Input Output Global (IOG), the primary engineering group behind Cardano, has proposed a major consensus upgrade designed to increase the blockchain’s transaction capacity by up to 65 times. The initiative, named Leios, aims to push throughput to over 1,000 transactions per second as the network positions itself for long-term growth.
“Cardano is at a pivotal moment,” said Jeff Watson, head of technology at Input Output’s Cardano business unit, in a statement on Tuesday. “These proposals are about finishing what was started – increasing utility and improving the experience across the ecosystem, while positioning the network for its next phase of growth.”
The development team is requesting ₳27.7 million (approximately $6.9 million as of April 29) from the Cardano treasury to fund the next phase of Leios' development. The upgrade could enable the network to process 200 kilobytes of transactions per second, a significant jump from its current sustained capacity of a few kilobytes per second. The proposal comes as on-chain data shows large investors are accumulating ADA, with whale wallets adding tokens worth $214 million in recent weeks while the price hovered near its 52-week low of $0.24.
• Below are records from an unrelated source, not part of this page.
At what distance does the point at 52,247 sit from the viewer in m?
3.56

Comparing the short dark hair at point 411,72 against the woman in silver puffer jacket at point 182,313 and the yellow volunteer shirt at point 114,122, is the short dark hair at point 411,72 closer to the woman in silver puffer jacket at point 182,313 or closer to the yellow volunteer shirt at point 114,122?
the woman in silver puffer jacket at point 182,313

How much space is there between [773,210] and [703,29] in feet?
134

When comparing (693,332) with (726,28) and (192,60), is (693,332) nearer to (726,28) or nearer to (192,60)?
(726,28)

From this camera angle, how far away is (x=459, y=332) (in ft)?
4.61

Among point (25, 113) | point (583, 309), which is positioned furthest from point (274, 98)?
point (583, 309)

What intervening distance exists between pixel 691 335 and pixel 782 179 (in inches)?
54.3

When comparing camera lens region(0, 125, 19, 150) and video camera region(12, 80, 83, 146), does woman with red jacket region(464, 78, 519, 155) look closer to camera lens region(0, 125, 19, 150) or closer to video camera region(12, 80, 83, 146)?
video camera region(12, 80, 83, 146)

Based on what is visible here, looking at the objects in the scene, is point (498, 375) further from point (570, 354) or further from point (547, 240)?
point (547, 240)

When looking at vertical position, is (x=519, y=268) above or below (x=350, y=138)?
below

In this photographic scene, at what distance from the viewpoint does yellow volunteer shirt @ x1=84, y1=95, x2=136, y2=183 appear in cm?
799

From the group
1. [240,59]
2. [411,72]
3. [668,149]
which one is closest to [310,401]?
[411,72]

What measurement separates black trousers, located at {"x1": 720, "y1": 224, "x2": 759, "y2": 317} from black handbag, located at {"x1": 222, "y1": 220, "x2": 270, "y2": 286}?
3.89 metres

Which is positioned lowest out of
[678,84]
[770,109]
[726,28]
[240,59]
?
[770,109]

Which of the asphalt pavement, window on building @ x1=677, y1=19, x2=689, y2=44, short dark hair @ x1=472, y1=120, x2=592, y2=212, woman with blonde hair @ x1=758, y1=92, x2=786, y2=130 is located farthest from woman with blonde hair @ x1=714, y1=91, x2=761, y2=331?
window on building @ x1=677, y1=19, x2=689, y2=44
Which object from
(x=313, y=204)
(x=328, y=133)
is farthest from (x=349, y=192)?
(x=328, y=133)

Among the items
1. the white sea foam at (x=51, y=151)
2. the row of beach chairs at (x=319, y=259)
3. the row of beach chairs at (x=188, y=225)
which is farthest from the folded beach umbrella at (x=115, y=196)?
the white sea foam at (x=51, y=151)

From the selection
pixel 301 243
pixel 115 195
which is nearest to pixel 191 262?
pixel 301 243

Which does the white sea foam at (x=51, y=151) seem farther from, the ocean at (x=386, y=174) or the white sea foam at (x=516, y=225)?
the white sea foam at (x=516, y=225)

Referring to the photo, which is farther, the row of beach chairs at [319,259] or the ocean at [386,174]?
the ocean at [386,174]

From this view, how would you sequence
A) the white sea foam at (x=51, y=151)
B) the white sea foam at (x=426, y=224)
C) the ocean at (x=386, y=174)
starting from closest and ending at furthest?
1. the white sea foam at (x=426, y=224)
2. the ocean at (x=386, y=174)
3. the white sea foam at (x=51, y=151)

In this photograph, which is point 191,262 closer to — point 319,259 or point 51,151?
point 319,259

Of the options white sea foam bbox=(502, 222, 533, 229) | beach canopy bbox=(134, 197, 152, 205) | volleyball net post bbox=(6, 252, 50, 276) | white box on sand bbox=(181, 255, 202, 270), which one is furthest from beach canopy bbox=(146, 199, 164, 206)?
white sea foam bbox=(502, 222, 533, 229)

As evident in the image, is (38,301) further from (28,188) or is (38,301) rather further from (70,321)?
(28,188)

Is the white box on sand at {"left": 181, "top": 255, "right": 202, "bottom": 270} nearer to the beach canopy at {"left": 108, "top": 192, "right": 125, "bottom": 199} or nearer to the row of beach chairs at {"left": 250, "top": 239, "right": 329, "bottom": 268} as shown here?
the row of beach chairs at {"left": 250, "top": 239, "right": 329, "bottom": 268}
This initiative is the cornerstone of Cardano’s 2030 vision, which targets scaling monthly transaction volumes from around 800,000 to more than 27 million. Higher throughput is considered essential for generating sufficient transaction fee revenue to sustain the network as its treasury reserve declines. A vote by ADA holders on the Leios budget will conclude on May 24, testing the network's decentralized governance model.
A Two-Pronged Scaling Approach
The Leios upgrade is a multi-year effort that builds on Cardano's existing Ouroboros Praos consensus mechanism rather than replacing it. Led by IOG product manager Carlos López De Lara, the project introduces endorser blocks and committee-based validation to boost efficiency while preserving decentralization. An alpha version of the public testnet is scheduled to launch by June 2026.
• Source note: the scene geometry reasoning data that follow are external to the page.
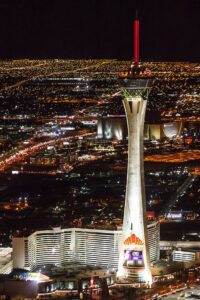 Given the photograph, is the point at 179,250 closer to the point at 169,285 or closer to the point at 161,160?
the point at 169,285

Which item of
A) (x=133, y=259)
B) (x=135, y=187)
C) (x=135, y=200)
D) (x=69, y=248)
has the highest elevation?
(x=135, y=187)

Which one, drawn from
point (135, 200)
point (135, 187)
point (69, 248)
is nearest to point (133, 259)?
point (135, 200)

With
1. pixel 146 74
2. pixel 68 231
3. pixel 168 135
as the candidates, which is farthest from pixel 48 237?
pixel 168 135

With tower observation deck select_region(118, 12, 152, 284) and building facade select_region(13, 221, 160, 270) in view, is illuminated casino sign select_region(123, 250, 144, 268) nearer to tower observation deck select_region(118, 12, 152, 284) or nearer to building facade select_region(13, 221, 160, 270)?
tower observation deck select_region(118, 12, 152, 284)

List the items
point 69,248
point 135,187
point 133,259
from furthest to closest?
point 69,248 < point 133,259 < point 135,187

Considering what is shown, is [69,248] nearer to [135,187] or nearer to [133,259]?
[133,259]

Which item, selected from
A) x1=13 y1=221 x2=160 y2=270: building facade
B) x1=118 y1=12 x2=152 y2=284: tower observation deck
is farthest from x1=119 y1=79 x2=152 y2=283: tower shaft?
x1=13 y1=221 x2=160 y2=270: building facade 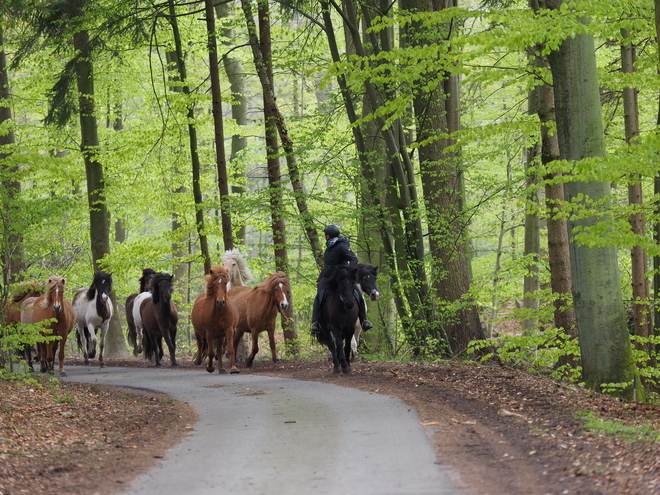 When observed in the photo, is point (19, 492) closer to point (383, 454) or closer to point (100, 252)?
point (383, 454)

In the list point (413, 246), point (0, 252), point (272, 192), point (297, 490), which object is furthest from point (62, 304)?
point (297, 490)

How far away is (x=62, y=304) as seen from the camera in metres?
17.4

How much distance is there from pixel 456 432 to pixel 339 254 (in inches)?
250

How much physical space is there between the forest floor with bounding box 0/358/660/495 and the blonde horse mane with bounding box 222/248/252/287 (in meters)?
6.05

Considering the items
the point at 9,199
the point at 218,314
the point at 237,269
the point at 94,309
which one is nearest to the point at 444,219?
the point at 218,314

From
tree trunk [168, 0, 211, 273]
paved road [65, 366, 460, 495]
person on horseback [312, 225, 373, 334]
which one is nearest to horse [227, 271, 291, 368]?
person on horseback [312, 225, 373, 334]

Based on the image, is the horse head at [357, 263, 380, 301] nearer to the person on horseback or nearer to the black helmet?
the person on horseback

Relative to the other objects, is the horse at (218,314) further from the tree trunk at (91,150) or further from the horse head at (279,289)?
the tree trunk at (91,150)

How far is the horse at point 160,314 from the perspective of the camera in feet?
63.5

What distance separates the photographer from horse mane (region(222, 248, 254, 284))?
19.4 m

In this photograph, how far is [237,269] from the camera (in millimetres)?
20047

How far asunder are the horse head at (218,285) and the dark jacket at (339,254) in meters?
2.90

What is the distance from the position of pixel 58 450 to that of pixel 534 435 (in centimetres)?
466

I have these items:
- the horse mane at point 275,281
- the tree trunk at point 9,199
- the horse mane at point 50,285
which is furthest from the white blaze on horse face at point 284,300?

Running in parallel is the Van-Rossem hard fork, scheduled for late June 2026. This separate upgrade targets performance improvements for Plutus, Cardano's smart-contract platform. Together, the two initiatives aim to address network congestion that has occasionally surfaced during high-profile token launches and prepare the blockchain for wider adoption in decentralized finance and real-world asset tokenization.
Whale Accumulation Signals Support
While Cardano’s ADA token trades near $0.25, down roughly 65 percent over the past year, large investors have been quietly increasing their holdings. According to market intelligence firms, the number of wallets holding substantial ADA positions has climbed to 424, a four-month high. This accumulation near the critical $0.245 support level suggests some large players see value ahead of the scaling upgrades.
The optimism is tempered by regulatory headwinds in the United States. Cardano founder Charles Hoskinson has warned that proposed legislation could potentially lead to ADA being classified as a security, which would impact its liquidity and exchange listings. However, the ecosystem continues to expand, with the partner chain Midnight launching in March 2026 to offer confidential smart contracts for regulated industries.
This article is for informational purposes only and does not constitute investment advice.